I put the three cords going onto the power supply unit into separate wall sockets so that no one socket was drawing all three loads.
Still same thing.
Checked temps and they all are consistantly around 80 which (although a little high) is not causing other similar 580 cards in a different box to fail.
Scratching my head on this one....
Re: OctaneRender® for Maya® beta 3.03c [CURRENT]
Posted: Tue Nov 06, 2012 12:03 am
by jmfowler
80 is a bit high for me - I have adjusted my auto fan curve in evga precision so that the maintained temp on the warmest card stays at 70 degrees celsius.
Despite the fact that graphics cards are designed to be able to go to high temps many people on the net seem to agree that maintaining high temps for long periods of time will not be good for components longevity.

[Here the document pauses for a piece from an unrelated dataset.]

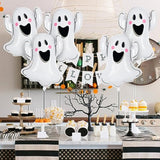 6 Pack White Ghost Foil Balloons Halloween Party Decorations Trick or Treat Decor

I have no professional experience with this, I'm only going off other peoples opinions - but many of them seem to spend a lot of time investigating this stuff.
I would try and get your temps down to 70 degrees.
are they the same brand and spec cards in the problem box?
motherboard problem? different case to the other computer? - I ask because of airflow issues, my Coolermaster HAF case is way better for airflow to GPU's than my NZXT phantom.
Other opinions on this?
something worth mentioning - my box with only the 680's has not failed yet - rendering an animation non stop for 2 weeks- cards at 70-72 degrees, my box with 2*680's and a 580 had a repeated problem for 2 days ( only once i added a 2nd 680..weird ) that turned out to be the 580 - which i lowered the clock speed - and voila.
One interesting thing I've noticed is that the 580 card seems to be very susceptible to picking up heat on its back plate - when i had the 680 near its back plate not rendering the 580 was 10 degree's lower than normal - interesting, because the 680's don't seem to pick up as much heat like that.
Re: OctaneRender® for Maya® beta 3.03c [CURRENT]
Posted: Tue Nov 06, 2012 1:44 am
by p3taoctane
Ill work on getting them down in temp. Thanks
Yeah all same card manufacture
The other box has the same cards and same rough temps etc and does not crash out.
Older tyan card though. Will have to see if that is the difference.
have you changed the clock speed ever... and does it alter performance much?